If you want to do more parallelism rather than just concurrency, you could
have some inputs make the bot start doing some work (like computing the
billionth digit of pi) and queue the work up into a threadpool. If you really
want to get into parallel programming, you could write a multiproducer-
multiconsumer queue to allow the IO threads to communicate with the pi
computing worker pool.

Hope this is a good concrete project! I did the first part (multiple
connection IRC bot) a few years and it definitely helped me understand
concurrency and network programming.

------
CptMauli
A timesheet application

------
hga
Dive into someone else's imperfect at best code and make it work.

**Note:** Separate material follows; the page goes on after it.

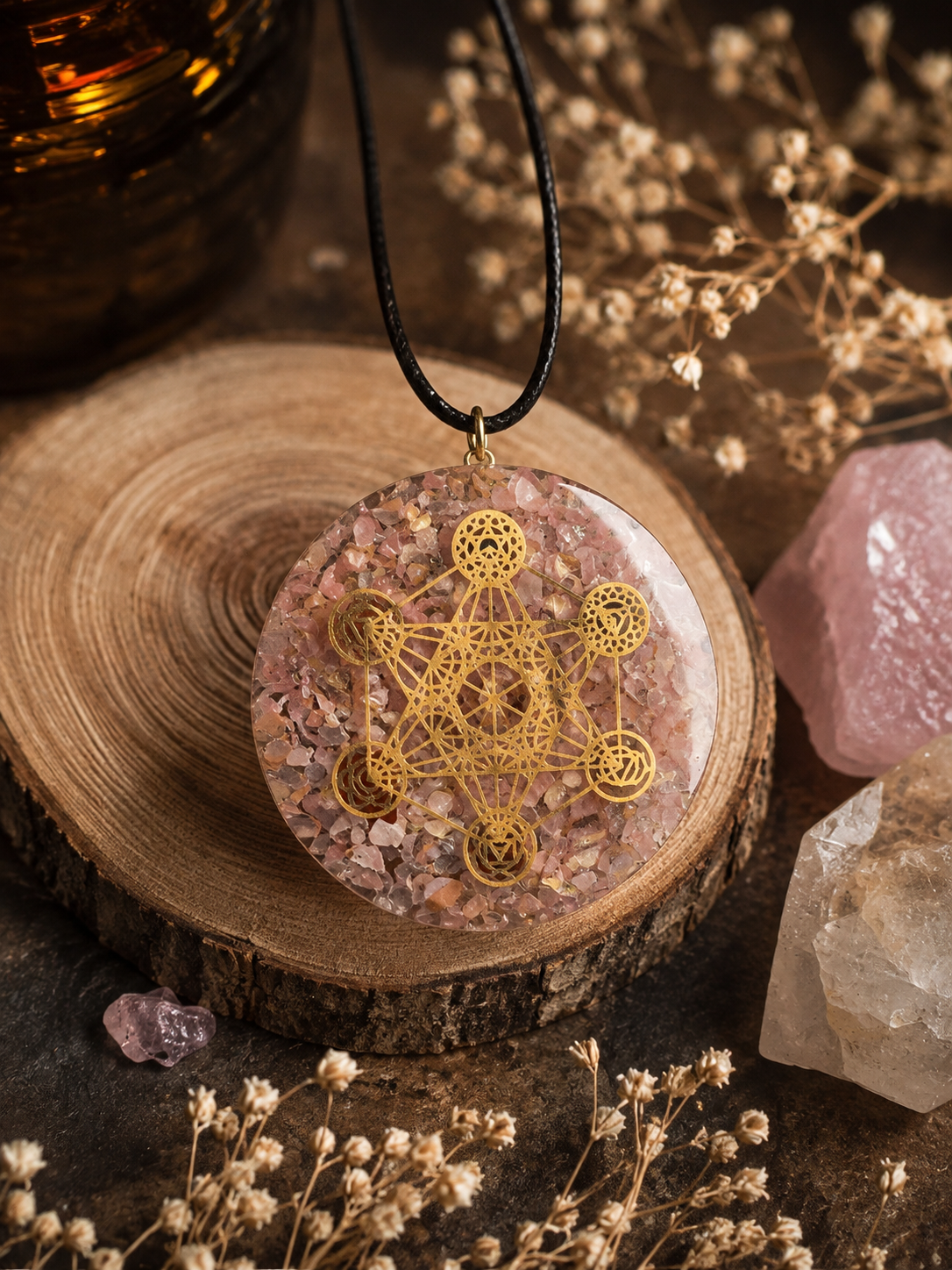 Sceau de metatron et quartz rose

After
finishing the final project for my 2nd programming class, I helped someone
else make their's work. In the context of what could run on a PDP-11/70
running Version 6 UNIX™ with 24x80 CRT terminals, it was rather neat, a semi-
real time air traffic control simulator game, with planes coming from the
upper corners and crossing paths as they went down to the catercornered
runway.

Great idea, better than mine, but the code was awful, had three global state
variables X, XX, and XXX ... plus U, UU, and UUU for the UFOs he'd added to
make the game more fun ^_^.

I helped him reduce the complexity by removing the UFOs (it was still quite
challenging enough), and getting it to work in general. This prepared me for
the many future jobs I took working on the code bases of others (one of which,
for example, taught me red-black trees for real), and which soon enough led to
the extremes of software archaeology when you can't even ask anyone about the
code.

Not that you necessarily want to seek out such work, it's hard and often
thankless, but at its best it's also what paying down technical debt is about.
And code you've written long ago can also be rather foreign when you come back
to it....

------
askyourmother
Find a personal itch and scratch it. In my case, I knew little about reverse
engineering closed source bins and drivers but had some hardware I was not yet
ready to toss out. I learnt a lot about writing new device drivers based on
the specs I managed to gtok from poking and peeking and analysing the original
ones.

------
bbcbasic
Looking for a job as a fresh graduate. With no work history it is all bullshit
multi-day interviews, giving presentations, showing you have 'people skills',
rediculously high applciation to interview and interview to offer ratio.

My favourite was a small company that told me they 'like to get girls in for
interviews' on the phone and then I stupidly still went to a face to face (I
was desperate) and I got rejected - the reason was I used a loop to implement
something but didn't suggest I could copy and paste the loop innards 10 times,
and therefore was 'holding things back'.